Pregando – dice Gesù – riceviamo dal Padre il suo Spirito. Lo stesso che aleggiava sul caos delle origini, lo stesso che coprì Maria con la sua ombra perché il Verbo si facesse carne, lo stesso che ci permette di ricordare ogni parola che Gesù ci ha detto… affinché tutto si compia, come Eli stesso disse dalla croce, al termine della sua esistenza terrena: «È compiuto» (Gv 19,30).
Dal Vangelo secondo Luca
(11,1-13)
Gesù si trovava in un luogo a pregare; quando ebbe finito, uno dei suoi discepoli gli disse: «Signore, insegnaci a pregare, come anche Giovanni ha insegnato ai suoi discepoli». Ed egli disse loro: «Quando pregate, dite:
“Padre,
sia santificato il tuo nome,
venga il tuo regno;
dacci ogni giorno il nostro pane quotidiano,
e perdona a noi i nostri peccati,
anche noi infatti perdoniamo a ogni nostro debitore,
e non abbandonarci alla tentazione”».
Poi disse loro: «Se uno di voi ha un amico e a mezzanotte va da lui a dirgli: “Amico, prestami tre pani, perché è giunto da me un amico da un viaggio e non ho nulla da offrirgli”; e se quello dall’interno gli risponde: “Non m’importunare, la porta è già chiusa, io e i miei bambini siamo a letto, non posso alzarmi per darti i pani”, vi dico che, anche se non si alzerà a darglieli perché è suo amico, almeno per la sua invadenza si alzerà a dargliene quanti gliene occorrono.

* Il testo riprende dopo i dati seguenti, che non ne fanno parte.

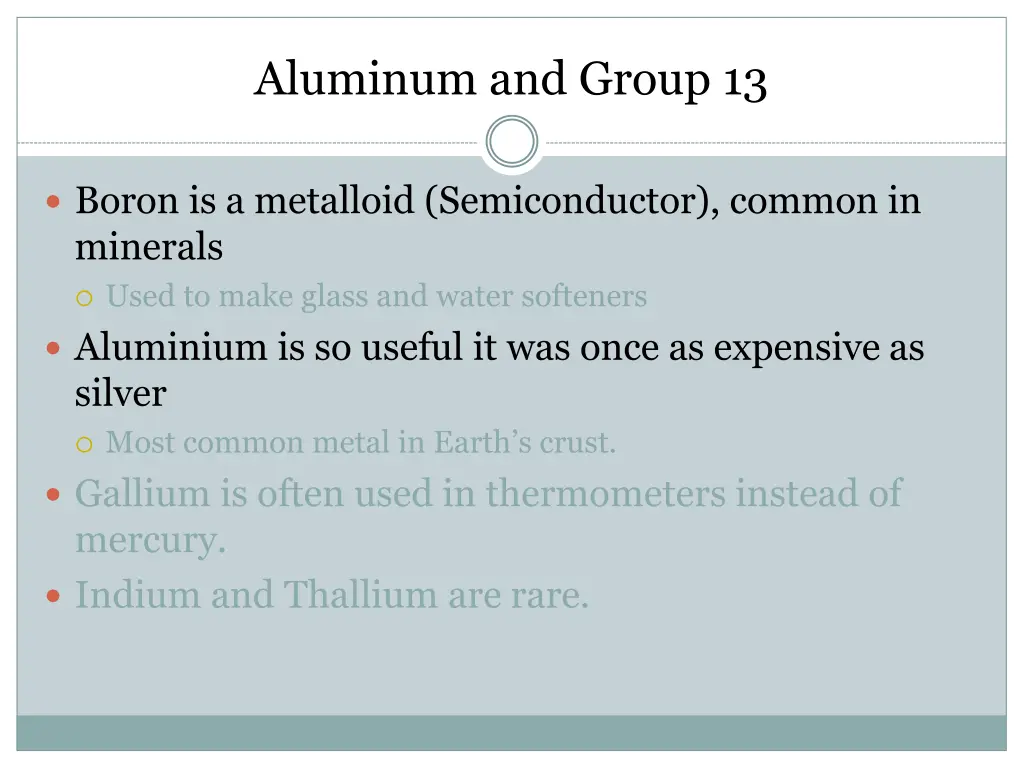 aluminum and group 13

Ebbene, io vi dico: chiedete e vi sarà dato, cercate e troverete, bussate e vi sarà aperto. Perché chiunque chiede riceve e chi cerca trova e a chi bussa sarà aperto.

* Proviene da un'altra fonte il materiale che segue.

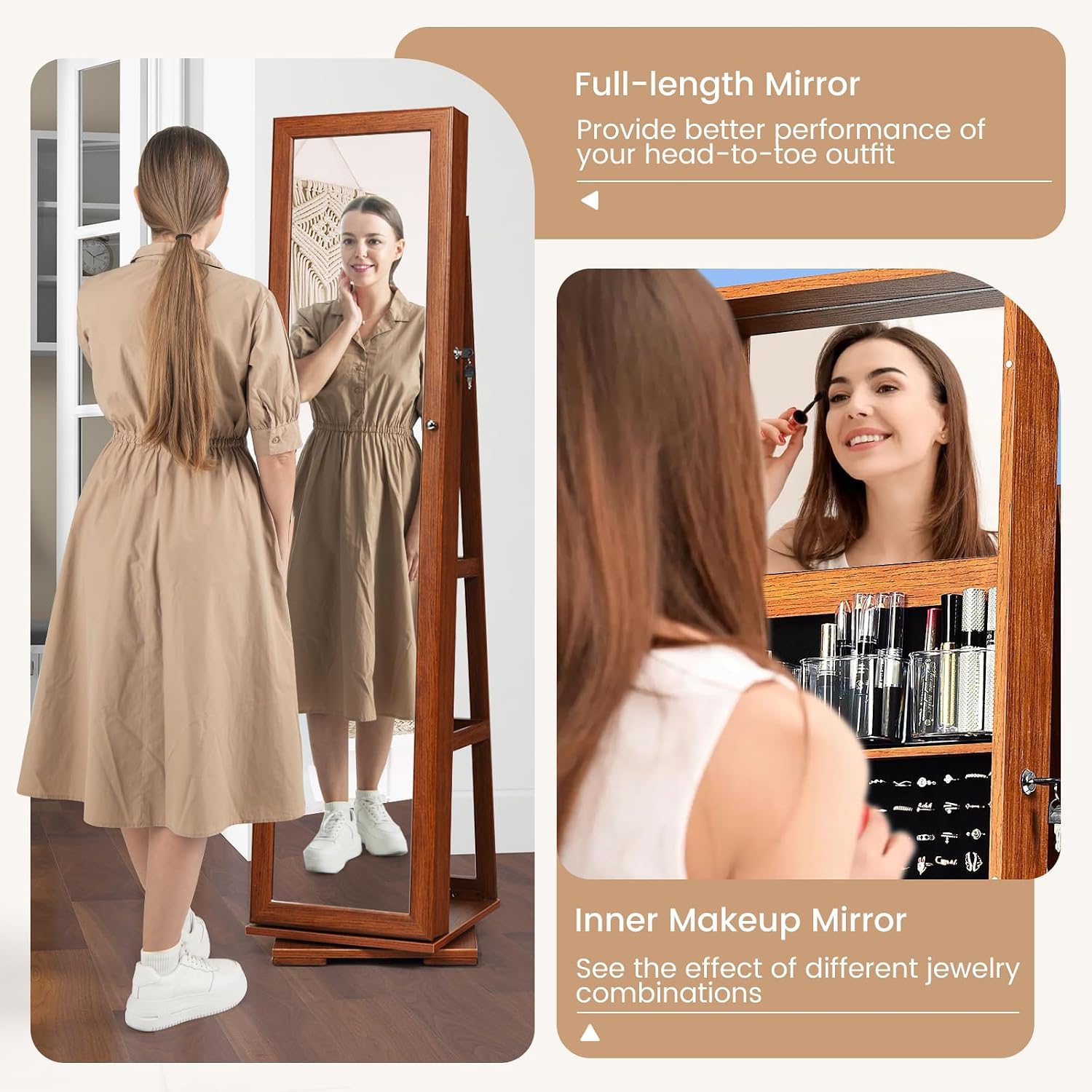 GOFLAME 360° Rotating Jewelry Armoire, Lockable Jewelry Cabinet with Full-Length Mirror & Inner Makeup Mirror, Standing Jewelry Storage Organizer with Rear Storage Shelves, Walnut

Quale padre tra voi, se il figlio gli chiede un pesce, gli darà una serpe al posto del pesce? O se gli chiede un uovo, gli darà uno scorpione? Se voi dunque, che siete cattivi, sapete dare cose buone ai vostri figli, quanto più il Padre vostro del cielo darà lo Spirito Santo a quelli che glielo chiedono!».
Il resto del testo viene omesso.